The attackers engaged in a “large scale” cyber-espionage campaign in which they used Russian internet service providers, or ISPs, to conduct their hacks, according to Microsoft. Turla hackers also disguised their malware to impersonate cybersecurity software from the Russian cybersecurity company Kaspersky.

With access to those Russian ISPs, the hackers then targeted foreign embassies in Moscow, redirecting victims’ internet traffic and delivering malware as part of the apparent intelligence-gathering operation, the report said. Microsoft declined to name specific targets.

Microsoft said Secret Blizzard uses an adversary-in-the-middle (AiTM) position to deploy their custom malware called ApolloShadow, which can install a trusted root certificate to trick devices into trusting malicious actor-controlled sites, enabling the group to maintain persistence on diplomatic devices, likely for intelligence collection.

This campaign, which has been ongoing since at least 2024, poses a high risk to foreign embassies, diplomatic entities, and other sensitive organizations operating in Moscow, particularly to those entities that rely on local internet providers. (Patrick Howell O'Neill / Bloomberg and Microsoft)

Related: The Record, The Register,  Wired, Nextgov/FCW, 112.ua, Mezha, Ukrainska Pravda, UNN, Ukrinform, WinBuzzer, Security Affairs, Al Jazeera

ApolloShadow execution flow. Source: Microsoft.

The Cyber Security Association of China accused the US of exploiting a flaw in Microsoft Corp.’s email servers to steal military data and launch cyberattacks on its defense sector.

The association said that US actors had been linked to two major cyberattacks on Chinese military companies, without naming them.
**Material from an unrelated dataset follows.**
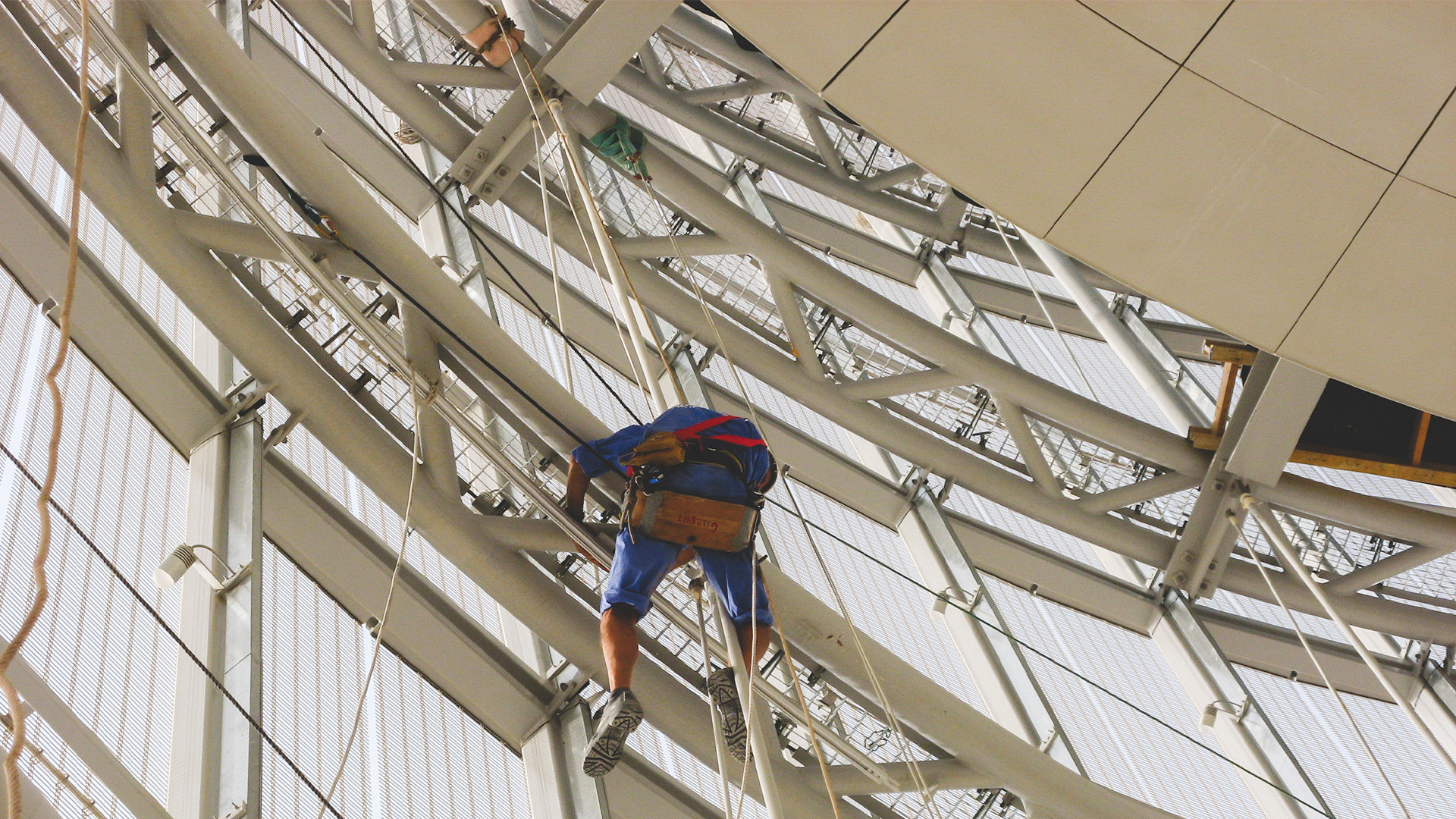 Cable rail lifeline Aspire Tower Doha rope access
They exploited flaws in Microsoft Exchange to control the servers of a key company in the defense sector for nearly a year, it added. The association is a little-known entity backed by the powerful Cyberspace Administration of China.

“Every nation state in the world carries out offensive cybersecurity campaigns against others,” said Jon Clay, vice president of threat intelligence at Trend Micro. “I’m assuming at this point, because of the recent SharePoint vulnerability that Microsoft attributed to China, they are coming out and saying, hey, the US has been targeting us with exploits.” (Jane Lanhee Lee and Mark Anderson / Bloomberg)

Related: China Cyberspace Security Association, Digwatch, Economic Times

The Cyberspace Administration of China, China’s cybersecurity regulator, has summoned hot chip giant Nvidia's representatives to discuss the security risks of artificial-intelligence chips it sells in China.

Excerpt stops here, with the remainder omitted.